Soyoil has rallied since last week after the US Department of Agriculture (USDA) issued a report showing tighter-than-usual soybean stocks despite a high planting forecast, which has widened its premium to palm oil.
“Although we are expecting a seasonal pick-up in production as we enter into Q2, the prospective insufficient soybean plantings in 2011 should keep prices of soyoil high and provide support to crude palm oil,” said Citi analyst Penny Yaw.
Benchmark June 2011 on the Bursa Malaysia Derivatives Exchange settled up 1.3 percent at 3,382 ringgit ($1,117) a tonne after going as high as 3,392 ringgit -- a level unseen since March 22. Overall trade volume stood at 14,607 lots at 25 tonnes each compared to the usual 15,00 lots.
Benchmark prices fell 12 percent in the first quarter, having tracked other commodities lower as unrest in the Middle East and an earthquake in Japan sent investors scrambling for perceived safe-haven assets. In the physical market last week, Malaysian refined palm olein widened its discount to competing Argentine soyoil to $70 per tonne, from trading at a premium at the start of the this year and end 2010.

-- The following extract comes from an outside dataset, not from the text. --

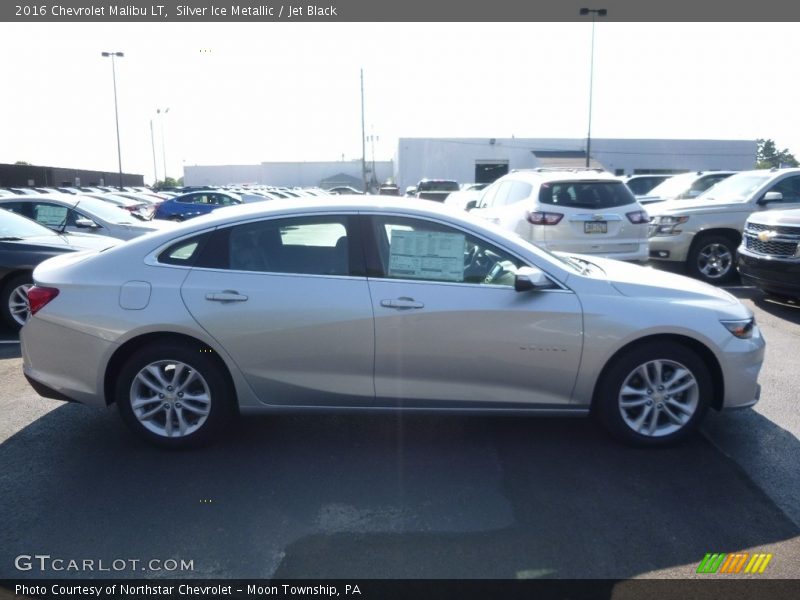 Silver Ice Metallic / Jet Black 2016 Chevrolet Malibu LT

“Buyers will shift their preference to palm oil as its discount widens and we may see a reverse in demand patterns,” said a trader with a foreign commodities brokerage. “Higher production for palm oil will also help pressure prices.” Malaysia’s palm oil exports have progressively fallen since December as erratic weather and floods pushed prices above competing soyoil.